Excerpts from a dataset:
☆ ☆ ☆ ☆

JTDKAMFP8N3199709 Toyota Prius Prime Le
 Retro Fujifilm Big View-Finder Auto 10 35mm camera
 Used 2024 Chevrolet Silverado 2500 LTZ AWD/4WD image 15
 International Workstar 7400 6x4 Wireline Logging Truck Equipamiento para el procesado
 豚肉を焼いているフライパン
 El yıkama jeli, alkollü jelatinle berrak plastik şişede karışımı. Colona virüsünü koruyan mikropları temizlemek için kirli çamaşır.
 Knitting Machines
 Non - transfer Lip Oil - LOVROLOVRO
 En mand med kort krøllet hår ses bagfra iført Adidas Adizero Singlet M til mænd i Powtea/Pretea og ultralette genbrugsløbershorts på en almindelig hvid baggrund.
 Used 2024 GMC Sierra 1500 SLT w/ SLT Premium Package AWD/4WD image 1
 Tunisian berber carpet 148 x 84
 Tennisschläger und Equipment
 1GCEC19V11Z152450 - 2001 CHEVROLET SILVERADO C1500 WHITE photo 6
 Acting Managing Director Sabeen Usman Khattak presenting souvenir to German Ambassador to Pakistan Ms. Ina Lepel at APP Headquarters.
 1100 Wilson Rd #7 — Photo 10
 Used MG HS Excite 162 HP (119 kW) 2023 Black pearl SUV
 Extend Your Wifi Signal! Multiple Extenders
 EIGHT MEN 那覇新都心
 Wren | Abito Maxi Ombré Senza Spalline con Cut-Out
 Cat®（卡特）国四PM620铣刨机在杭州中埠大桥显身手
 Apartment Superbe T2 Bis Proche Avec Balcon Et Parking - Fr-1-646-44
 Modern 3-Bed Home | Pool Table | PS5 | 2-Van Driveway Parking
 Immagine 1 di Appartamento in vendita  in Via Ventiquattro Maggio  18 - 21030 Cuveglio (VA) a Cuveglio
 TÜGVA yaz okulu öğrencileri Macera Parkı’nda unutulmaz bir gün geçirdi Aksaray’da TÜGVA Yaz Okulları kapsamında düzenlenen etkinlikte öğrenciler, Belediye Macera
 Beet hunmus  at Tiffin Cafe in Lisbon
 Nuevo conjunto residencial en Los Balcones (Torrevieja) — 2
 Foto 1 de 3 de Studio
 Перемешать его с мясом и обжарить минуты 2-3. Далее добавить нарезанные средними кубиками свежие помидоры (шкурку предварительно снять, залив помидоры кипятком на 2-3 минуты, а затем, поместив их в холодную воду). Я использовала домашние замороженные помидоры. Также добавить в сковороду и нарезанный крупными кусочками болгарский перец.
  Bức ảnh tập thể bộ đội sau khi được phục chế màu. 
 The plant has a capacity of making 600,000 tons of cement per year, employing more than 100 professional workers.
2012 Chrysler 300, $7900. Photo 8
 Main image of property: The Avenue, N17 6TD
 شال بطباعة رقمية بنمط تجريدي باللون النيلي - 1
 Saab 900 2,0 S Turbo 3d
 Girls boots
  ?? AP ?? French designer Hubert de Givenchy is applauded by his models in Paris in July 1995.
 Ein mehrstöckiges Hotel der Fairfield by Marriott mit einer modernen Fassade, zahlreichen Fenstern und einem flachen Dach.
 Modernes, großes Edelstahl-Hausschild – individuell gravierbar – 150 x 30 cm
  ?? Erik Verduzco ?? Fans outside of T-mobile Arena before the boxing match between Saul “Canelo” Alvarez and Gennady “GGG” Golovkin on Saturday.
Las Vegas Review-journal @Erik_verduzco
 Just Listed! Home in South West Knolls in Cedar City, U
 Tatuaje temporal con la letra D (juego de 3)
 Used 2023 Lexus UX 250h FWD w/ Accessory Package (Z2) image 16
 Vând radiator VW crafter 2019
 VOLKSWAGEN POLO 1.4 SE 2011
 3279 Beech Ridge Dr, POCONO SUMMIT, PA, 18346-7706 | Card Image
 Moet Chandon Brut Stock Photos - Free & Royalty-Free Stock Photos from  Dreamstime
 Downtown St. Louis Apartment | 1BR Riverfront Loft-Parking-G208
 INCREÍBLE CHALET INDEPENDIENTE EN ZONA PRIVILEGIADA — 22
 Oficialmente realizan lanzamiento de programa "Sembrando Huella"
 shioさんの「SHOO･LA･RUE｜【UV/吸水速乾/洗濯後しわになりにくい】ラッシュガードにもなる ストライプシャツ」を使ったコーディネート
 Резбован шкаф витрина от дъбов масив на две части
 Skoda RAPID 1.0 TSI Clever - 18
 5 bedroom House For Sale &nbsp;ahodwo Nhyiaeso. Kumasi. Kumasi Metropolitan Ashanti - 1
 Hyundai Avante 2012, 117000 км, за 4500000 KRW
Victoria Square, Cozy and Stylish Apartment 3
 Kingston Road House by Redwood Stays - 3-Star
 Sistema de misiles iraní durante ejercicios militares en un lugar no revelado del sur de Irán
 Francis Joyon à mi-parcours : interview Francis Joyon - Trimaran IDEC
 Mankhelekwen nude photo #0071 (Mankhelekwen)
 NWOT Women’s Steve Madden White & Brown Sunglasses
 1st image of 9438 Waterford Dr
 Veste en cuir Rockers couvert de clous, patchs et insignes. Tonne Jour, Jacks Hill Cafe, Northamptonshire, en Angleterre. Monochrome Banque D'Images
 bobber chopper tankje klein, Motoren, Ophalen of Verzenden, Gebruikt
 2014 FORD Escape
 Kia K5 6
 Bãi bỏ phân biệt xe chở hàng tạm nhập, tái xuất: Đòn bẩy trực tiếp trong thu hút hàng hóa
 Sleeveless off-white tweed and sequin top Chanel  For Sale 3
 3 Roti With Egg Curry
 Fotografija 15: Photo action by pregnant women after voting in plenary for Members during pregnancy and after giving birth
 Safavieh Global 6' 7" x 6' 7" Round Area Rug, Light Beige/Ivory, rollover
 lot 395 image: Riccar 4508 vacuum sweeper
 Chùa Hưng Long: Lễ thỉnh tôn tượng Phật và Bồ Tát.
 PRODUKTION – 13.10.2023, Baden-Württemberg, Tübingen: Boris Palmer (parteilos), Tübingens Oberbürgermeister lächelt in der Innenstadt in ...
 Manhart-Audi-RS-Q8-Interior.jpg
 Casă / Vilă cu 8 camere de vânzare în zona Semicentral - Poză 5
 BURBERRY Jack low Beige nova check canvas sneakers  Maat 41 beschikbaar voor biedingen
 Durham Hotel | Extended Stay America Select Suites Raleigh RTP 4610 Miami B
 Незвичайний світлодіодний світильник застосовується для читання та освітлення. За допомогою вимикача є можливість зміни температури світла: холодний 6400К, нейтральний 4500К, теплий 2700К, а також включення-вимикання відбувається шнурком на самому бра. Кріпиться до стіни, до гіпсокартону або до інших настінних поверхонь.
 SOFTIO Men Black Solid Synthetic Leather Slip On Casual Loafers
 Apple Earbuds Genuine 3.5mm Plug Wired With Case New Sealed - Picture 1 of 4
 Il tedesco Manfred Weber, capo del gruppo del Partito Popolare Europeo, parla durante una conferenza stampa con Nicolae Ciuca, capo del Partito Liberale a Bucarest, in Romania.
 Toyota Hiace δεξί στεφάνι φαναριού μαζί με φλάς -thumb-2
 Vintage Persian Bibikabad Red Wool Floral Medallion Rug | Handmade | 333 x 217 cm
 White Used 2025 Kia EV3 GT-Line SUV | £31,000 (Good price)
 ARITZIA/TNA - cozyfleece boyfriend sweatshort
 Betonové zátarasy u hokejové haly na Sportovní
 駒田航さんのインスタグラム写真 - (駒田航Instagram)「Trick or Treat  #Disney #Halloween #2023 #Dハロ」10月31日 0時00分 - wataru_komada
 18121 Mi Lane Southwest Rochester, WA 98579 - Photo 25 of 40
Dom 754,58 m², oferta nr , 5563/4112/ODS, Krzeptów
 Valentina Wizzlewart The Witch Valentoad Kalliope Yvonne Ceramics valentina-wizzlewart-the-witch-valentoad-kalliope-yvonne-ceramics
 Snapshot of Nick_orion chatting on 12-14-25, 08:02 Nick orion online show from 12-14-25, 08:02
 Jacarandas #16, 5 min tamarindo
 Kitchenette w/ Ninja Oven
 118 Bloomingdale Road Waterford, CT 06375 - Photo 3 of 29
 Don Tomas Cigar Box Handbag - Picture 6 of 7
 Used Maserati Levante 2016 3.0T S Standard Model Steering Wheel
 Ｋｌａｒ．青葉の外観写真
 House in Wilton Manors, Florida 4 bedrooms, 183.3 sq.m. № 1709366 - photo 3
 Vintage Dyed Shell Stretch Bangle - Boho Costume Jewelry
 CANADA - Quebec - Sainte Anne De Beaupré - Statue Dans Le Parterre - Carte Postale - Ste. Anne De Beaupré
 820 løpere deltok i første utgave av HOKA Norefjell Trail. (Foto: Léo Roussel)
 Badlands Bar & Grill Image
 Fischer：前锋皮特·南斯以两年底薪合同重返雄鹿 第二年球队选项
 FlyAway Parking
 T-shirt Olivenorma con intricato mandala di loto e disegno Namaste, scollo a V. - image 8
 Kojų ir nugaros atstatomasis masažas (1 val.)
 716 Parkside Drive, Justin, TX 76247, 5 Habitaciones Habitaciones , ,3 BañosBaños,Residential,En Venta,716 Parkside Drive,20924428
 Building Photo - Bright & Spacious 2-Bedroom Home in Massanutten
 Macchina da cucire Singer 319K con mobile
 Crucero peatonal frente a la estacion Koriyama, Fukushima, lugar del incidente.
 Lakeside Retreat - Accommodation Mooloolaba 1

☆ ☆ ☆ ☆

▶ **BRIEF**: Your answer should be the lines above from the one containing "3279 Beech Ridge" through the one containing "Durham Hotel |", copied exactly and with both ends kept.

▶ **OUTPUT OF THE TASK**:
 3279 Beech Ridge Dr, POCONO SUMMIT, PA, 18346-7706 | Card Image
 Moet Chandon Brut Stock Photos - Free & Royalty-Free Stock Photos from  Dreamstime
 Downtown St. Louis Apartment | 1BR Riverfront Loft-Parking-G208
 INCREÍBLE CHALET INDEPENDIENTE EN ZONA PRIVILEGIADA — 22
 Oficialmente realizan lanzamiento de programa "Sembrando Huella"
 shioさんの「SHOO･LA･RUE｜【UV/吸水速乾/洗濯後しわになりにくい】ラッシュガードにもなる ストライプシャツ」を使ったコーディネート
 Резбован шкаф витрина от дъбов масив на две части
 Skoda RAPID 1.0 TSI Clever - 18
 5 bedroom House For Sale &nbsp;ahodwo Nhyiaeso. Kumasi. Kumasi Metropolitan Ashanti - 1
 Hyundai Avante 2012, 117000 км, за 4500000 KRW
Victoria Square, Cozy and Stylish Apartment 3
 Kingston Road House by Redwood Stays - 3-Star
 Sistema de misiles iraní durante ejercicios militares en un lugar no revelado del sur de Irán
 Francis Joyon à mi-parcours : interview Francis Joyon - Trimaran IDEC
 Mankhelekwen nude photo #0071 (Mankhelekwen)
 NWOT Women’s Steve Madden White & Brown Sunglasses
 1st image of 9438 Waterford Dr
 Veste en cuir Rockers couvert de clous, patchs et insignes. Tonne Jour, Jacks Hill Cafe, Northamptonshire, en Angleterre. Monochrome Banque D'Images
 bobber chopper tankje klein, Motoren, Ophalen of Verzenden, Gebruikt
 2014 FORD Escape
 Kia K5 6
 Bãi bỏ phân biệt xe chở hàng tạm nhập, tái xuất: Đòn bẩy trực tiếp trong thu hút hàng hóa
 Sleeveless off-white tweed and sequin top Chanel  For Sale 3
 3 Roti With Egg Curry
 Fotografija 15: Photo action by pregnant women after voting in plenary for Members during pregnancy and after giving birth
 Safavieh Global 6' 7" x 6' 7" Round Area Rug, Light Beige/Ivory, rollover
 lot 395 image: Riccar 4508 vacuum sweeper
 Chùa Hưng Long: Lễ thỉnh tôn tượng Phật và Bồ Tát.
 PRODUKTION – 13.10.2023, Baden-Württemberg, Tübingen: Boris Palmer (parteilos), Tübingens Oberbürgermeister lächelt in der Innenstadt in ...
 Manhart-Audi-RS-Q8-Interior.jpg
 Casă / Vilă cu 8 camere de vânzare în zona Semicentral - Poză 5
 BURBERRY Jack low Beige nova check canvas sneakers  Maat 41 beschikbaar voor biedingen
 Durham Hotel | Extended Stay America Select Suites Raleigh RTP 4610 Miami B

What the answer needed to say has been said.